Nami sorride immaginandosi la scena e cercando di visualizzare nella sua testa questa ragazzina tronfia e sicura di sé, tanto orgogliosa da pararsi di fronte a una piccola versione di Zoro e sfidarlo.
«Non ti mentirò dicendoti che abbiamo sempre ignorato il Basher, Nami, perché non è stato così, ma, quando avevamo sedici anni, Kuina è stata investita da una macchina ed è morta. La polizia ci disse che era stato un pirata della strada, un ubriaco con ogni probabilità, che aveva avuto troppa paura per fermarsi ed era scappato» si interrompe nuovamente e si sistema meglio contro la testata del letto, mentre Nami si scosta da lui e si mette a sedere tra le coperte, fissandolo con intensità.
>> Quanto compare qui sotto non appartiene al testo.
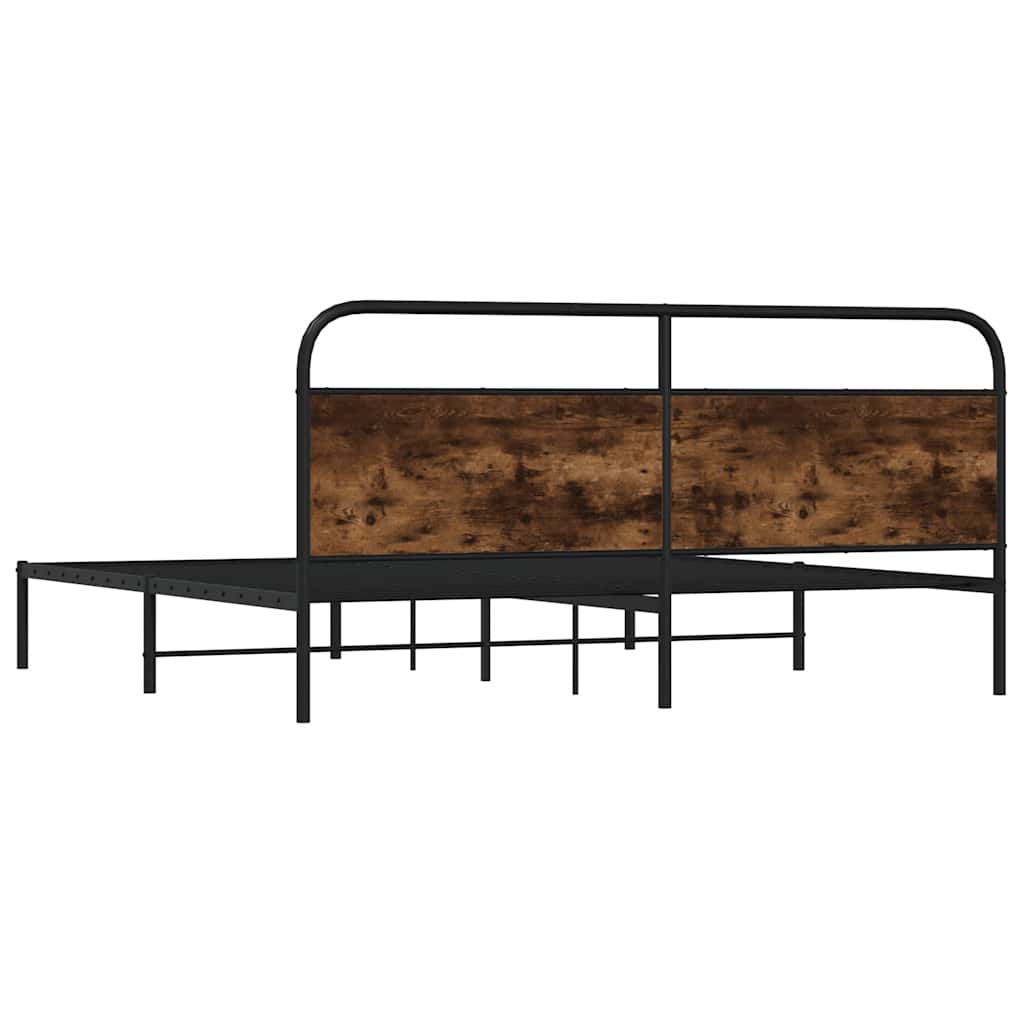 Metal Bed Frame without Mattress Smoked Oak 183x213 cm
«Mi dispiace» mormora piano, stringendogli una mano con le sue.
«Anche a me» continua lui, senza notare il lampo di tristezza che attraversa gli occhi della rossa «Ma è successo anni fa e sono venuto a patti con la cosa. Senza contare che ho incontrato te».
«Cosa?» domanda spalancando gli occhi, perché Zoro non è quel genere di persona che ama parlare dei suoi sentimenti, tanto più con la diretta interessata; Nami può contare sulle dita di una mano il numero di volte in cui le ha detto di amarla e fino a quel momento non le è nemmeno mai interessato.
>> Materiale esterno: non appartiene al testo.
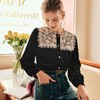 OLrain欧芮儿法式黑色雪纺蕾丝衫女秋季2022年新款海军领丝绒衬衣 商品缩略图1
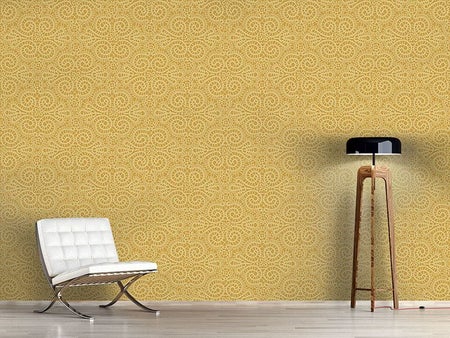 Papier peint design Elegant Lace Pattern in Gold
«Ho incontrato te» ripete piano «Quando Kuina è morta non è stato facile. Ci sono persone che dicono che quando la tua anima gemella muore il mondo diventa in bianco e nero, ovviamente è una stronzata, ma in quel momento mi sono sentito come se niente sarebbe mai stato come prima: non sarei mai più stato felice, non sarei mai più stato capito, accettato, amato, ma soprattutto non sarei mai più stato intero. Mi sbagliavo. L’ho capito quando ci siamo conosciuti. Questa cosa dell’anima gemella, del Basher, della predestinazione, è una condanna e un’auto-imposizione. Può renderti felice, ma se lasci che ti tormenti e condizioni la tua vita… Beh, ti condanni da solo all’infelicità».
La ragazza rimane a fissarlo senza sapere cosa dire; si sposta più vicina a lui e gli appoggia il capo sulla spalla, affondando il viso nell’incavo del suo collo.
«Non sapevo fossi un filosofo Roronoa».
«Scema» borbotta lui, passandole una mano intorno alla vita «So che questa cosa di Kid ti ha turbato, ma è la norma. È solo normale che i nostri amici prima o poi incontrino la loro anima gemella, vedi di non lasciare che le tue paure influenzino il tuo comportamento nei loro confronti. È tutta una questione di scelte, Nami, non vederla come una maledizione».
La sente sbuffare e il suo alito fresco gli solletica il collo; con un gesto se la tira sulle gambe e la bacia, facendosi largo nella sua bocca e passandole una mano tra i capelli lunghi e mossi. Le accarezza la schiena e appoggia la fronte sulla sua.
«Forza, vieni qui» borbotta scivolando sotto il lenzuolo «O domani col cazzo che ci alziamo per l’escursione».
Nami si accoccola contro di lui, sorridendo. Forse, dopo tutto, riuscirà a dormire.